Regex cheat sheet for python

I am writing a program that will find all the sex and sires in a raw data file and get rid of characters we don’t need anymore.

Character Classes

Character classes are a small group of characters that you need to use with an escape \. They are used as a way of catching all the different types of a certain character.

For instance, instead of going [A-Za-z] you can just do \w and that will catch all the different word characters. There are a handful of them:

Escape character	Use	Example
`\w`	Word Characters	a-z, A-Z, 0-9, _
`\W`	Non-Word Characters	!@#$%^^&*()
`\d`	Digits	0-9
`\D`	Non Digits	Not 0-9
`\s`	White Spaces	`\t, \n, \r`
`\S`	Non white spaces	Opposite of above
`\b`	Boundary of a word	Basically the first or last letter of a word
`\b`	Opposite	Leaves off the first or last letter

The lowercase and upper case are the exact opposite. \d finds all digits (0-9) and \D finds the exact opposite.

Special characters

Special characters are when things get helpful. I don’t want to type out \w\w\w\w to find every 4 letter word. Seems silly.
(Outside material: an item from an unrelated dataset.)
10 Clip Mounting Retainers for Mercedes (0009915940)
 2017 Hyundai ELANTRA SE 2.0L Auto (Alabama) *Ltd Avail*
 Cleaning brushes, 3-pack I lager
Special Character	Use	Example
`^`	Beginning of a string	`^\d`
`$`	Matches everything to it’s left at the end of a string	`\w$` finds when I don’t end a line with punctuation
`.`	Anything besides `\n`
`\`	Escape character
`\|`	OR	`A\|B` A OR B
`{N}`	Number of times the thing to it’s left needs to be found	`\w{4}` Finds a word character 4 times in a row
`{N,}`	Same as above, but N or more times	`\w{4,}` Finds a word character 4 or more long
`{N,X}`	Finds whatever code N through X times	`\w{4,6}` Finds word characters that are 4 to 6 long
`*`	Finds 0 or more times	`\w*` Finds a word character 0 or more times
`+`	Finds something 1 or more times.	`\d+` Finds a digit 1 or more times
`?`	Sort of optional. Like the () around the area code. Sometimes they’re there other times they aren’t	`$?\d{3}$?` Finds the area code with optional ()

Sets

Sets use brackets and are used for groups of characters. An example would be [A-Z]. That would be every uppercase letter A-Z.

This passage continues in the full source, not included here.